Posted By Marty Higgins | March 16th, 2009

Municipal bonds have long been a safe haven for higher-income investors looking for safety and greater tax efficiency. The credit squeeze put the municipal bond market through its paces like other competing markets this year, but it may be time to take a second look at both municipal bonds and muni bond funds.

Let’s start with a definition of what a municipal bond is. A municipal bond, or muni, is a bond issued by a local government or their agencies to raise funds for a host of reasons tied to keeping the government going.  The potential issuers may include cities, counties, redevelopment agencies, water and sewer projects, school districts, publicly owned airports, seaports and other transportation entities.  They pay for everything from immediate government expenses to new roads and various public projects. Municipal bonds come in two flavors—general obligation bonds and revenue bonds. General obligation bonds are intended to raise immediate capital to cover government expenses; revenue bonds are the ones that fund infrastructure projects.

As an incentive for investors to buy these bonds, interest income is often exempt from federal income tax as well as the income tax of the state in which they are issued.  Mutual funds that invest in municipal bonds also offer the same tax treatment.

This year has held lots of excitement for muni investors and those who were hoping to be. The credit crunch sucker-punched funding sources for public projects as well as private investments–many municipalities ended up dropping certain projects because investors weren’t there to buy the paper and other sources of financing had dried up as well.

Who’s fled the muni market? Hedge funds, issuers of structured notes and municipal bond mutual funds trying to keep up with redemptions from tapped-out investors. Right now, the best source of demand for munis is individuals, who can account for only so much business. But in the absence of other buyers, that’s potentially good news for you.

Keep in mind that even during the Great Depression, no state defaulted on its general-obligation bonds, and while some munis have defaulted, overall, such defaults are very, very rare.

So where’s the opportunity for you? Look at some of the highly rated outstanding bonds.  You’ll find some amazing yields that you certainly won’t find in CDs and other investments.

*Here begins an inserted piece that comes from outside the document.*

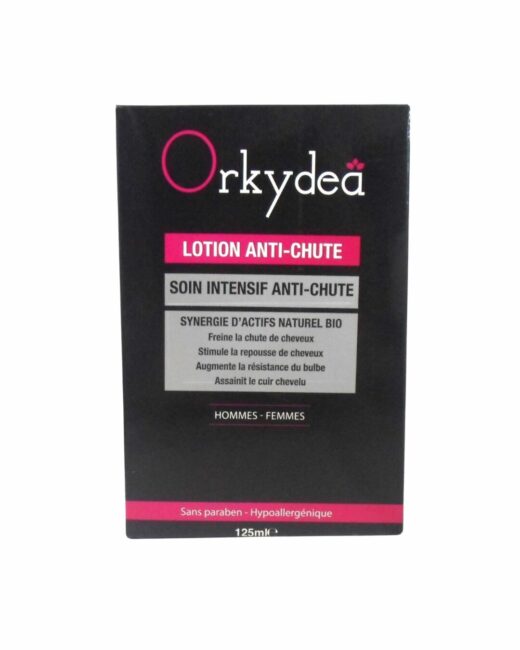 Orkydea lotion anti chute 125ml | Urban Drug store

Even though their prices have plunged, some municipals late last year were offering long-term, tax-free yields of five percent and above, which translate into the equivalent of nearly seven percent for taxpayers in the 28 percent bracket and nearly eight percent for someone in the top 35 percent bracket when the tax exemption is considered.

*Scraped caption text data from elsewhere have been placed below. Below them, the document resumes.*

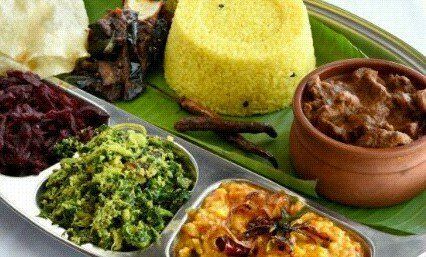 Curry and Rice Habarana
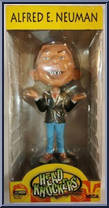 Alfred E. Neuman Action Figure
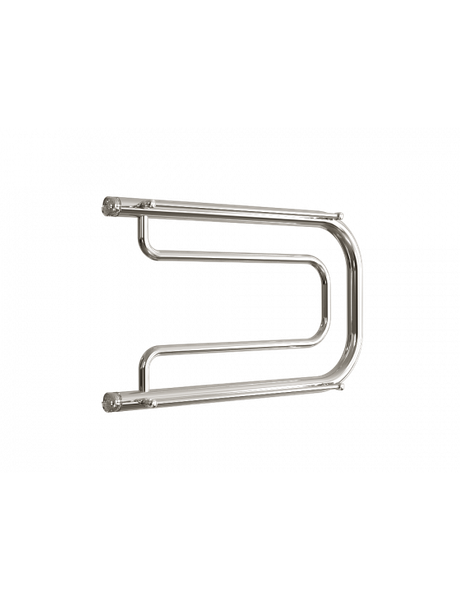 Изображение товара Полотенцесушитель водяной Двин A 32/50 c полкой 1-1/2 (полированный)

That’s a very nice return relative to U.S. Treasuries, considered the safest investments of all.

But before you buy, here are some things to know and steps to follow.

Are munis right for you? The first call you make shouldn’t be to a broker. It should be to your tax professional and your financial adviser. A CERTIFIED FINANCIAL PLANNER™ professional can take a look at your entire taxable investment portfolio (there’s no point in putting tax-exempt munis into tax-exempt accounts like IRAs or 401(k)s) and determine whether they’re the right approach to take for your investments.

What munis are in trouble? There are some governments who issued a hybrid muni known as a variable-rate demand note. These were sold mainly to institutions with maturities of up to 30 years that were paying at rates reset as frequently as once a day. During the crisis, the rates on these notes have shot up to double-digit territory, putting the municipalities that issued them under particular strain due to short-term interest rates that can be reset as frequently as once a day.

Keep an eye peeled for the AMT: While most munis pay interest that’s free from federal income taxes, some may pay rates that are subject to the alternative minimum tax, known as the AMT.  It’s a little more complicated than we have space for here, but this is absolutely why you need to talk to your tax professional or financial planner before making a move into munis.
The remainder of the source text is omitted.